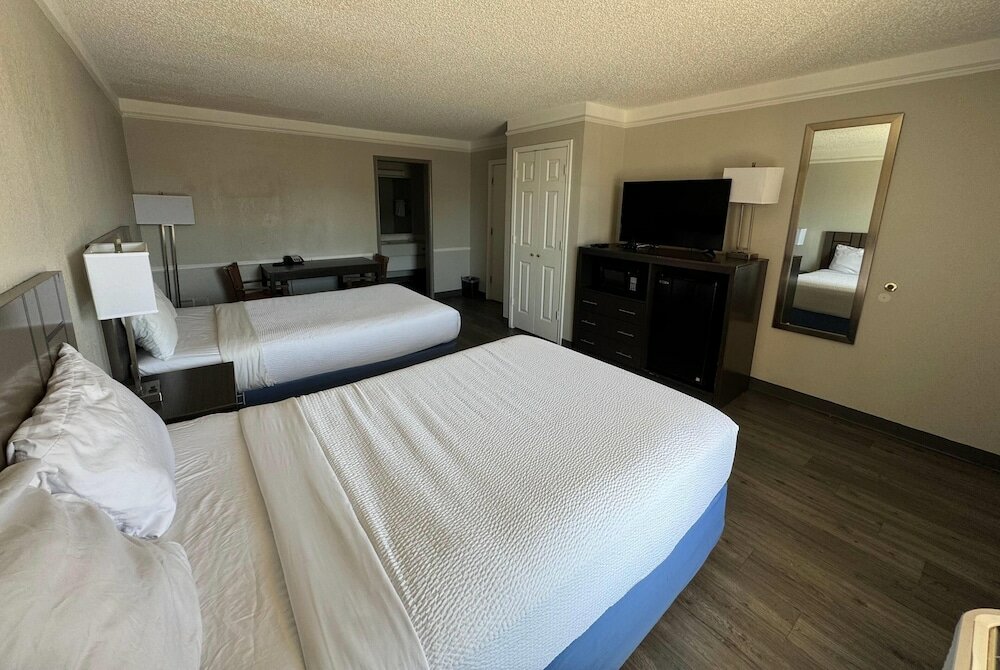 Фото Days Inn by Wyndham Georgetown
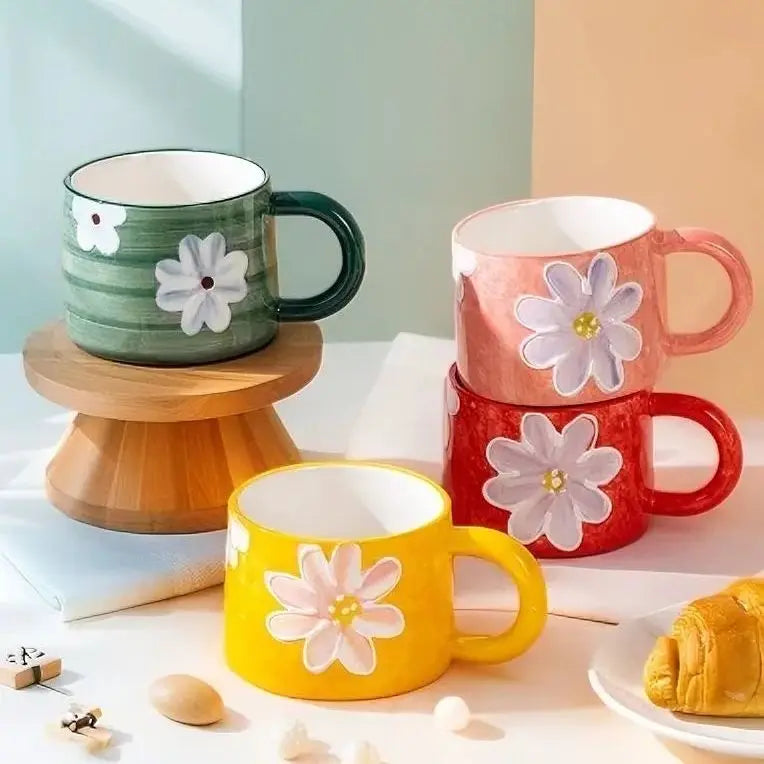 Keramik-Kaffeetasse – Gemaltes Blumendesign – 300ml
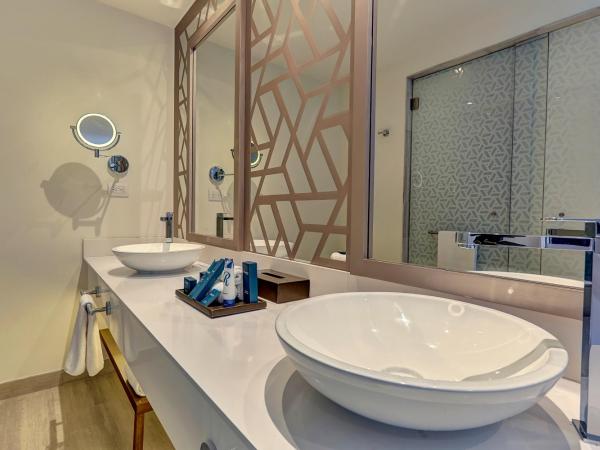 Royalton CHIC Cancun, An Autograph Collection All-Inclusive Resort - Adults Only : photo 10 de la chambre suite junior de luxe - vue sur coucher du soleil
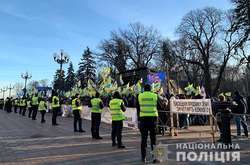 В центр Киева прибыли усиленные наряды силовиков на время акций протеста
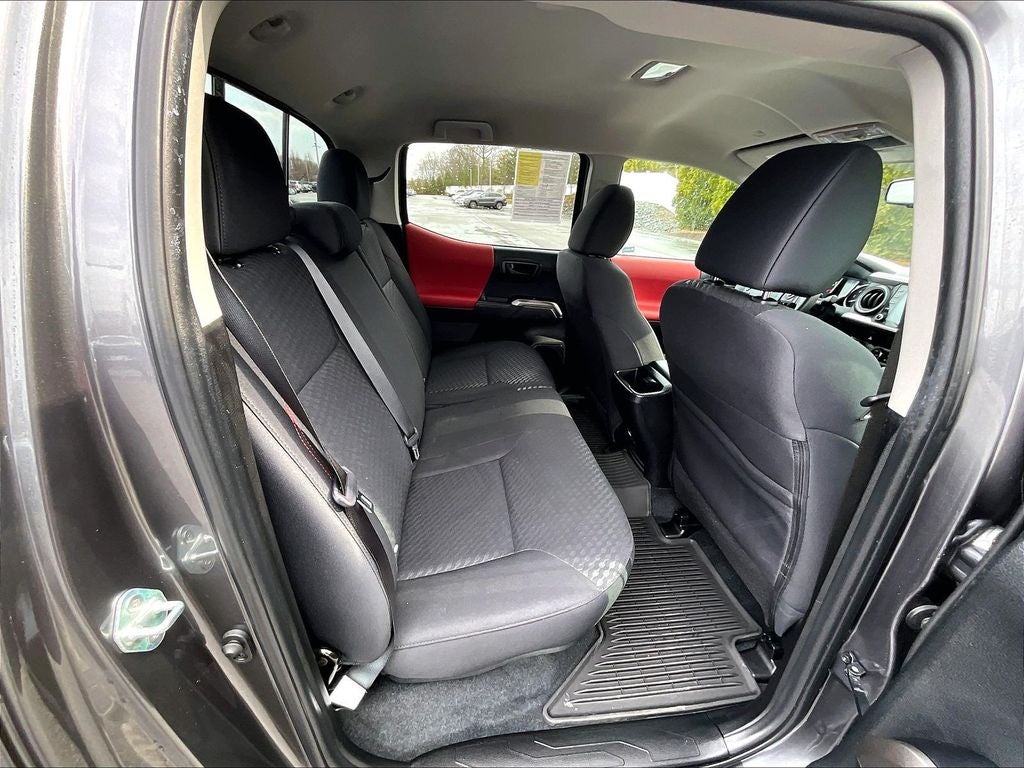 2023 Toyota Tacoma 4WD 4WD SR5 Double Cab 5' Bed V6 AT (GS)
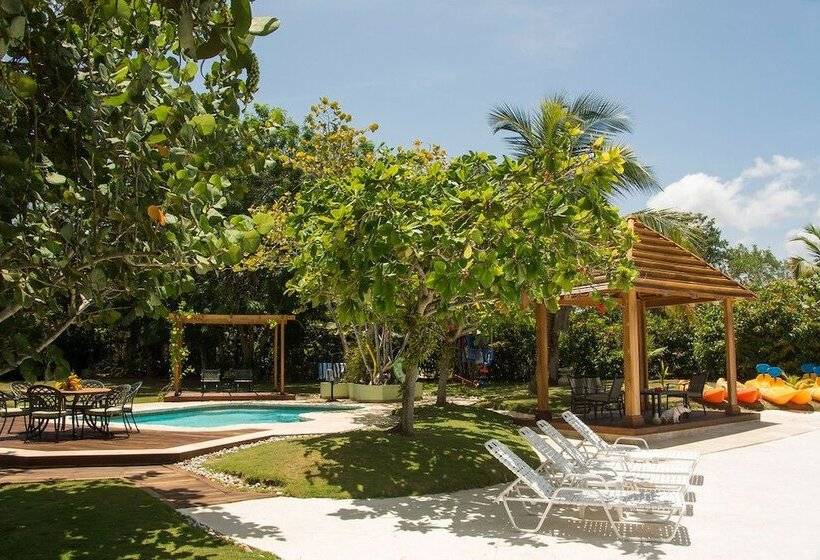 Seagrapes 5br By Jamaican Treasures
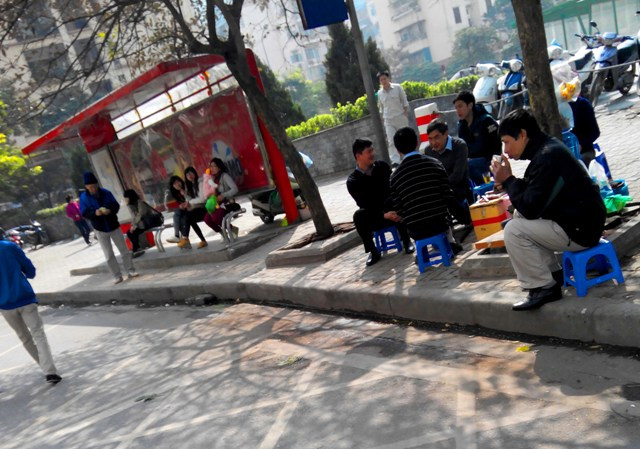 Hàng rong vẫn lấn chiếm….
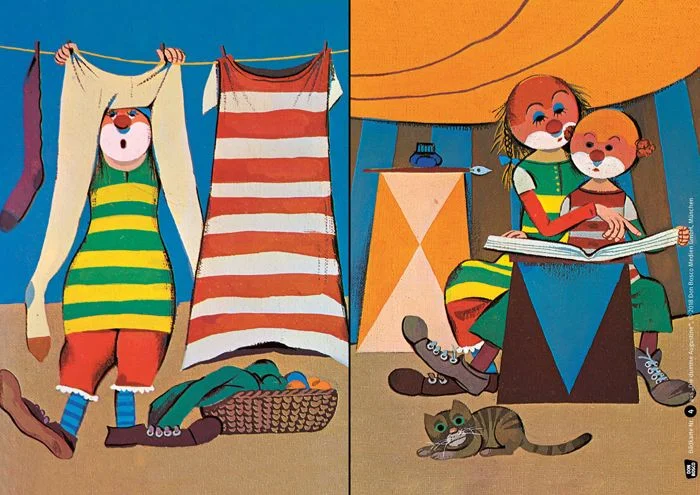 Strandkleidung, Halstuch, Kleiderstapel, Tischdecke, Katzen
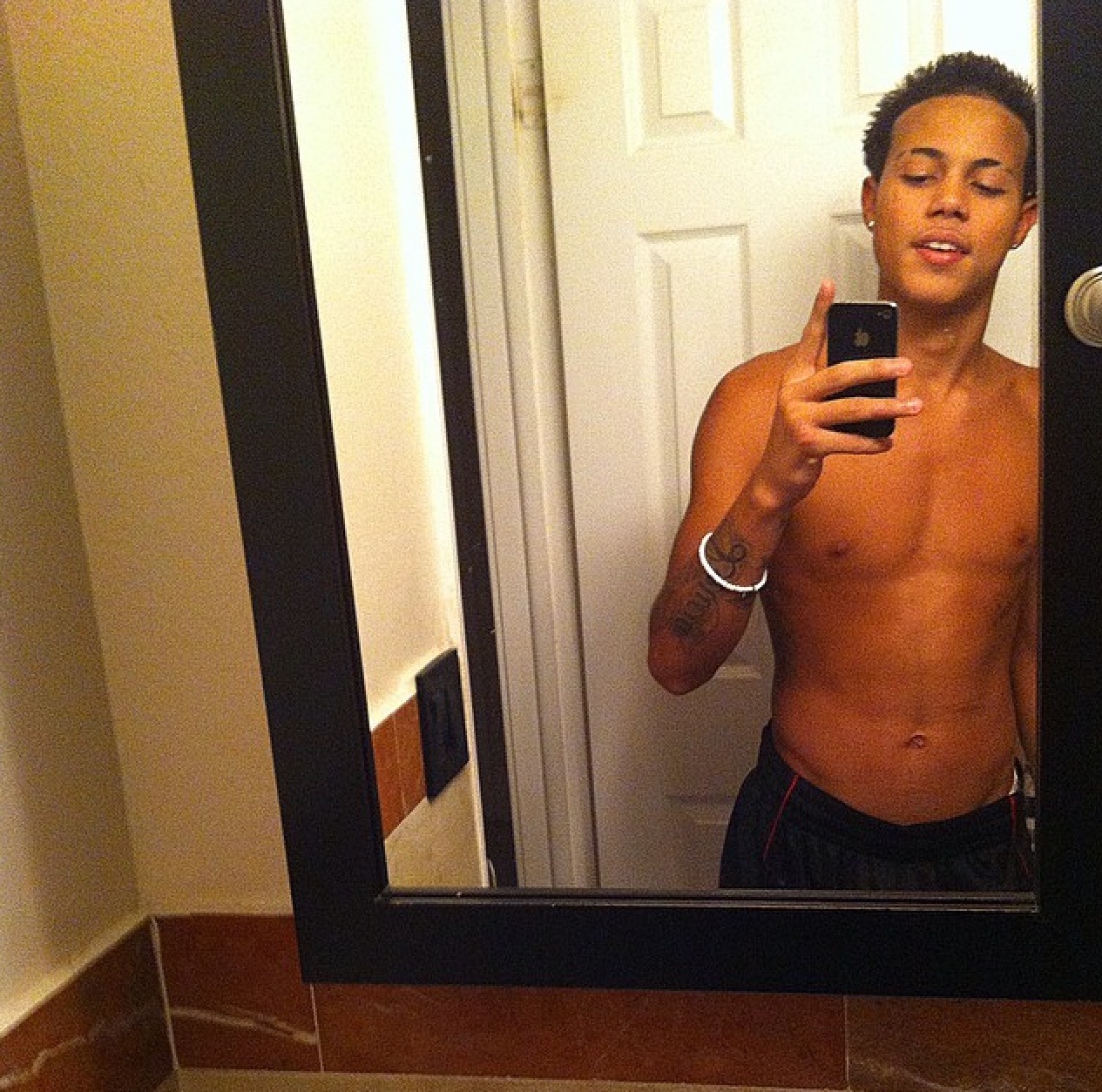 black-dicks-r-us:  FIND GAY BLACK GUYS IN YOUR CITY! Over 500,000 Black Gay Profiles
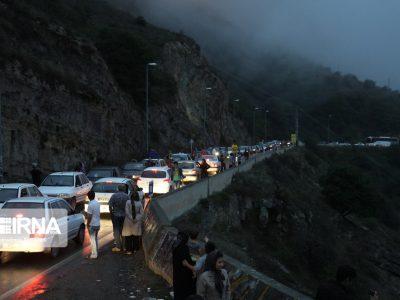 جاده چالوس یک‌طرفه شد/ محدودیت‌ تردد در آزادراه تهران-شمال برای تخلیه بار ترافیک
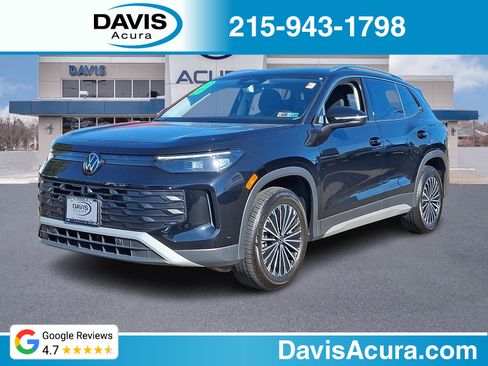 Used 2025 Volkswagen Tiguan S AWD/4WD image 1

* What is being asked *
Images are to be skipped, and each line above is to be returned exactly.

* Written answer *
 Фото Days Inn by Wyndham Georgetown
 Keramik-Kaffeetasse – Gemaltes Blumendesign – 300ml
 Royalton CHIC Cancun, An Autograph Collection All-Inclusive Resort - Adults Only : photo 10 de la chambre suite junior de luxe - vue sur coucher du soleil
 В центр Киева прибыли усиленные наряды силовиков на время акций протеста
 2023 Toyota Tacoma 4WD 4WD SR5 Double Cab 5' Bed V6 AT (GS)
 Seagrapes 5br By Jamaican Treasures
 Hàng rong vẫn lấn chiếm….
 Strandkleidung, Halstuch, Kleiderstapel, Tischdecke, Katzen
 black-dicks-r-us:  FIND GAY BLACK GUYS IN YOUR CITY! Over 500,000 Black Gay Profiles
 جاده چالوس یک‌طرفه شد/ محدودیت‌ تردد در آزادراه تهران-شمال برای تخلیه بار ترافیک
 Used 2025 Volkswagen Tiguan S AWD/4WD image 1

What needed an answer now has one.